── Material for the task
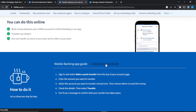Once you click on that, you'll be asked to enter the amount you want to transfer. After entering the amount, the next step is to select the account you want to transfer money from. Halifax allows you to have multiple accounts, so select the account you want to transfer from. Then choose where to send the money and enter the details of the person you want to send the money to.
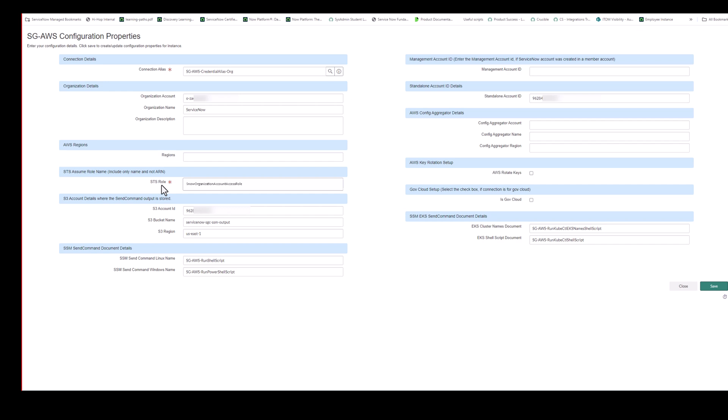The STS Assume Role Name section is the STS role that Service Graph Connector will use for Assume Role to all of the member accounts. So the IAM user will do the Assume Role into this role in order to access all of the other accounts within your organization. This is the default name that is provided in the CFT files that Anne-Marie just mentioned that are downloaded. So we recommend keeping to the standard naming convention, but you can update it if needed.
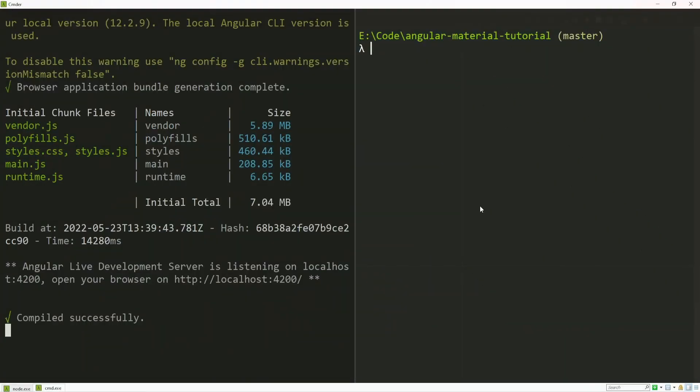Before I do anything, I will first generate my component where I will use my observers. For that I will use command ng g for generate, c for component, and I will generate my component in components/cdk/observers.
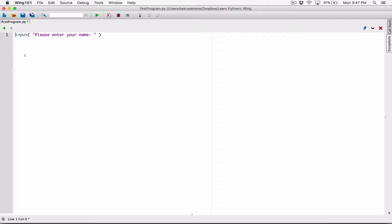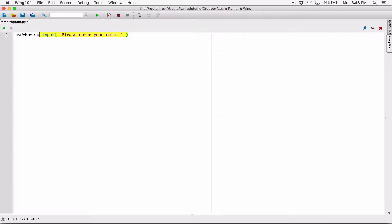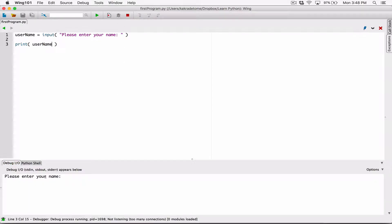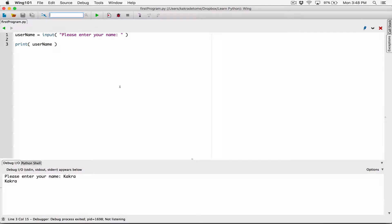So it returns that information and sends it back to us, and we need a place to store that value. I'm going to create a variable called 'username' and store whatever the input function returns into it. Then I can use a print statement to display the username. Let's run this — it says 'Please enter your name', I type in my name, hit Enter, and it displays it back.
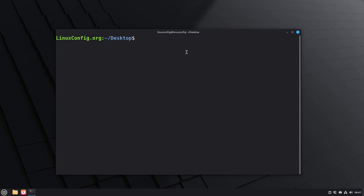First, open the terminal. You can do this by pressing Ctrl-Alt-T or by clicking the terminal icon in your panel.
────
● What needs to be done
Reproduce the entries above exactly, without images.

● Task output
Once you click on that, you'll be asked to enter the amount you want to transfer. After entering the amount, the next step is to select the account you want to transfer money from. Halifax allows you to have multiple accounts, so select the account you want to transfer from. Then choose where to send the money and enter the details of the person you want to send the money to.
The STS Assume Role Name section is the STS role that Service Graph Connector will use for Assume Role to all of the member accounts. So the IAM user will do the Assume Role into this role in order to access all of the other accounts within your organization. This is the default name that is provided in the CFT files that Anne-Marie just mentioned that are downloaded. So we recommend keeping to the standard naming convention, but you can update it if needed.
Before I do anything, I will first generate my component where I will use my observers. For that I will use command ng g for generate, c for component, and I will generate my component in components/cdk/observers.
So it returns that information and sends it back to us, and we need a place to store that value. I'm going to create a variable called 'username' and store whatever the input function returns into it. Then I can use a print statement to display the username. Let's run this — it says 'Please enter your name', I type in my name, hit Enter, and it displays it back.
First, open the terminal. You can do this by pressing Ctrl-Alt-T or by clicking the terminal icon in your panel.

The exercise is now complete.